======== Given information ========

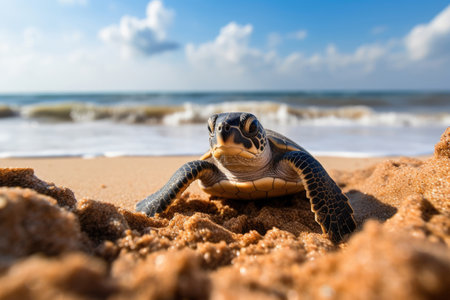 Little sea turtle on the sandy beachの素材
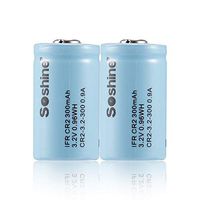 UnitedCAheart Soshine 2Pcs Ifr Cr2 300Mah 3.2V 0.96Wh 0.9A Lifepo4 Rechargeable Batteries Low Self-Discharge No Memory Effect Soshine Ifr Cr2 300Mah 3.2V 0.96Wh Lifepo4 Rechargeable Batteries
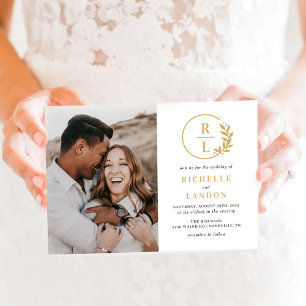 Trendy Wreath Editable Color Photo Wedding Invitation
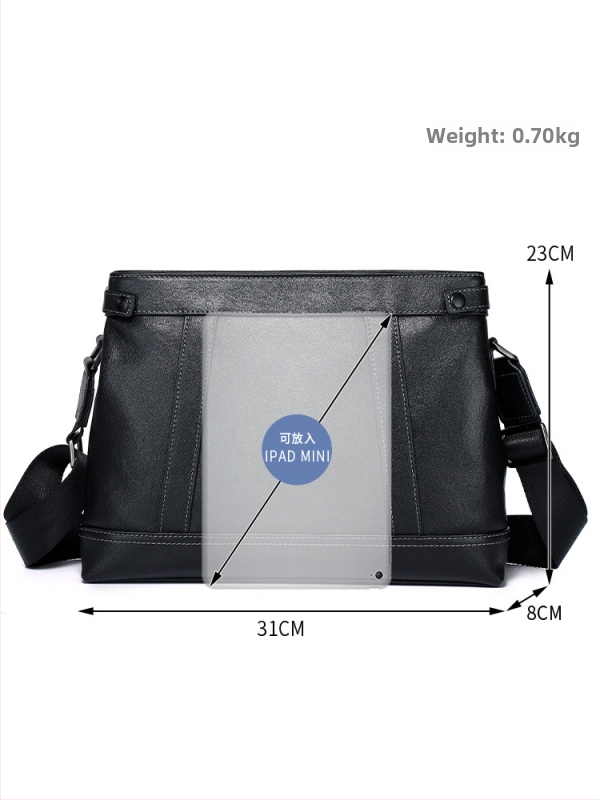Muška torba preko ramena od prave kože s velikim kapacitetom, crossbody, opušten stil, prvi sloj kože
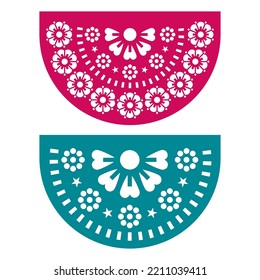 Papel Picado vector design set of two party decorations, Mexican fiesta garland decor with flowers and geometric shapes. 
Traditional cutout patterns inspired by folk art from Mexico with floral art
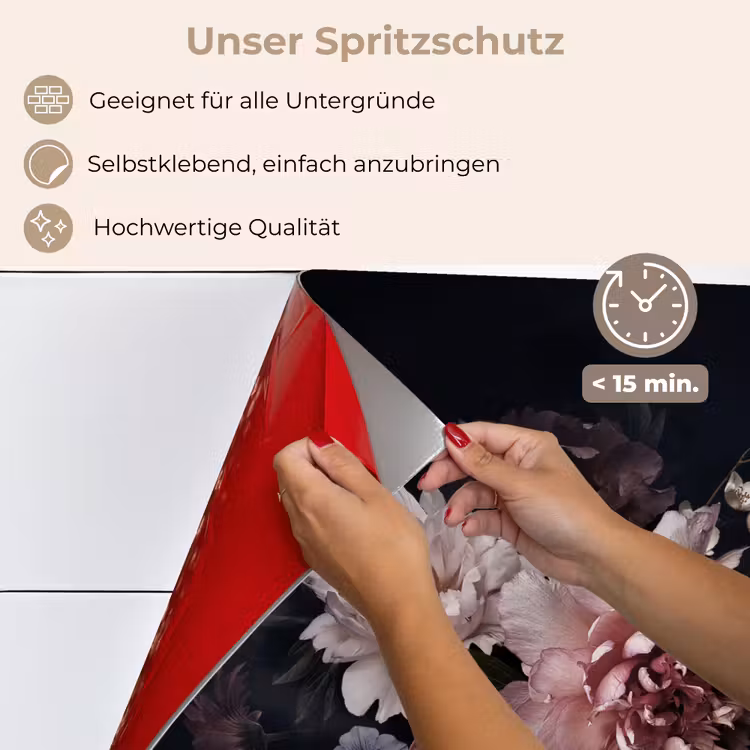Bloemen - Vintage - Pastel - Zwart - Boeket keuken achterwand spatscherm klein -spatscherm_DE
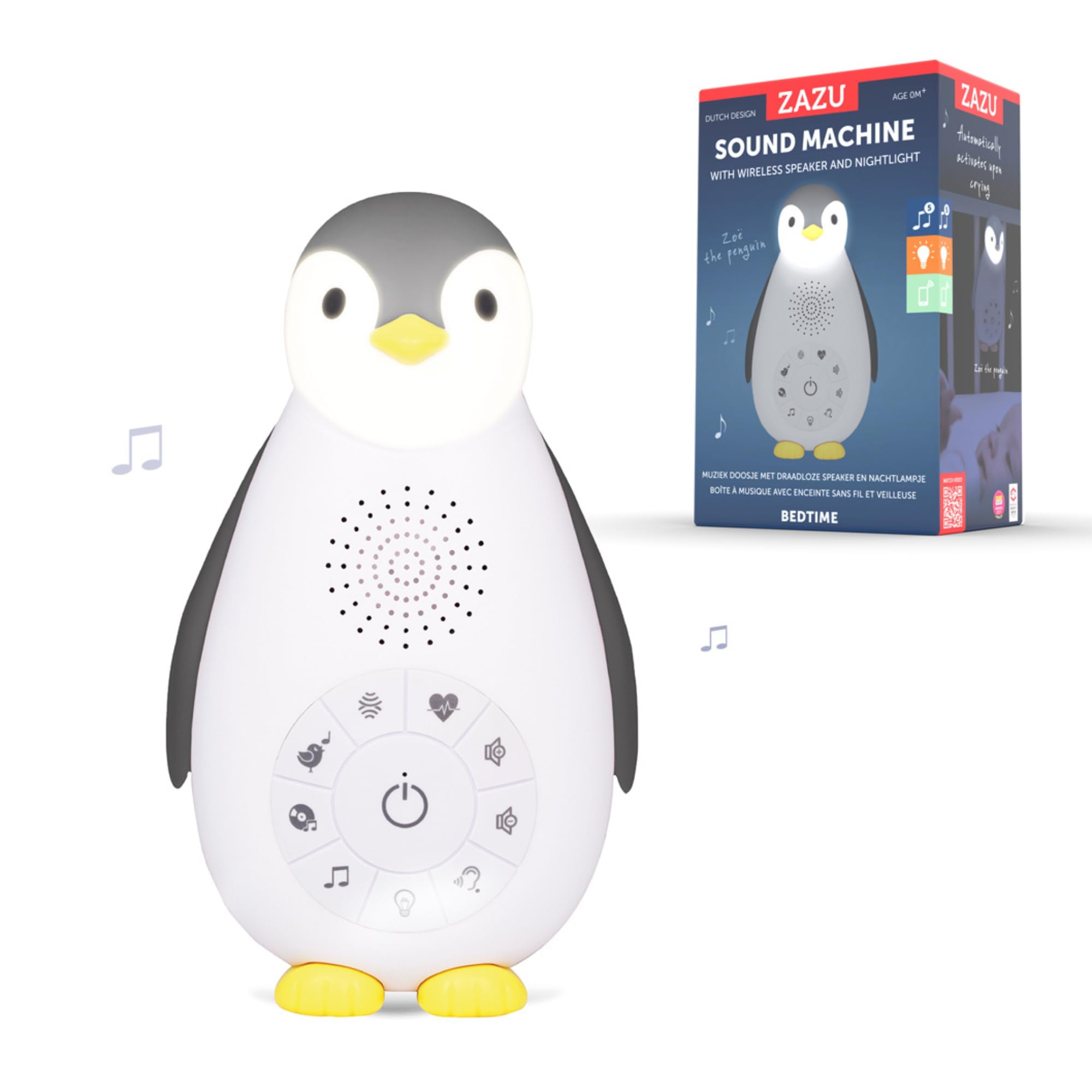 ZAZU Boîte a Musique Veilleuse Bluetooth Zoe Le Pingouin Gris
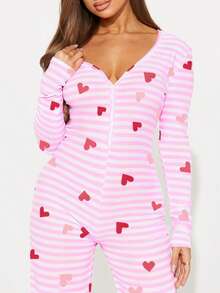Women's Valentine's Day Heart  Bow Striped  Pajama - Long Sleeve Zip-Front Jumpsuit Loungewear - 粉色 - 查看 2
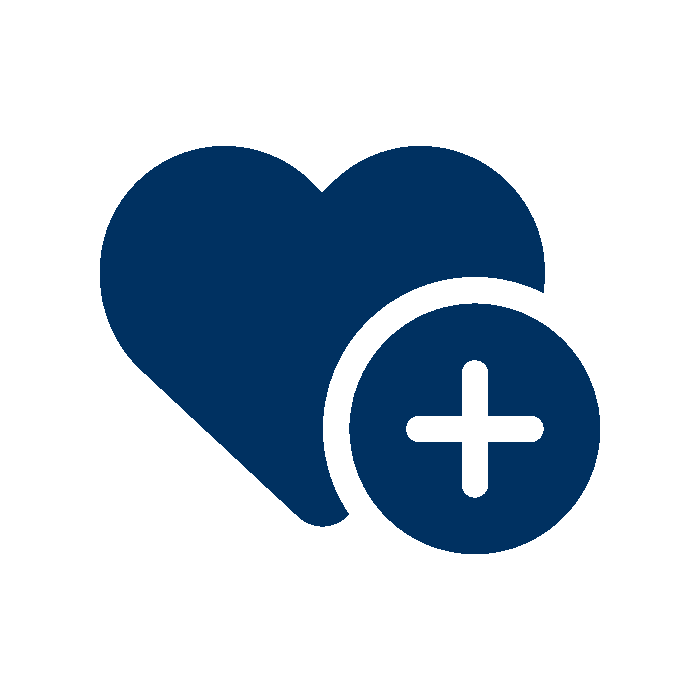 Legacy Gifts icon with a heart and plus sign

========

* _Exercise goal_: Where the line containing "Papel Picado vector" appears in the entries above, start there and set down every line exactly through the last one, inclusive; omit pictures.

* _Problem solution_:
 Papel Picado vector design set of two party decorations, Mexican fiesta garland decor with flowers and geometric shapes. 
Traditional cutout patterns inspired by folk art from Mexico with floral art
Bloemen - Vintage - Pastel - Zwart - Boeket keuken achterwand spatscherm klein -spatscherm_DE
 ZAZU Boîte a Musique Veilleuse Bluetooth Zoe Le Pingouin Gris
Women's Valentine's Day Heart  Bow Striped  Pajama - Long Sleeve Zip-Front Jumpsuit Loungewear - 粉色 - 查看 2
 Legacy Gifts icon with a heart and plus sign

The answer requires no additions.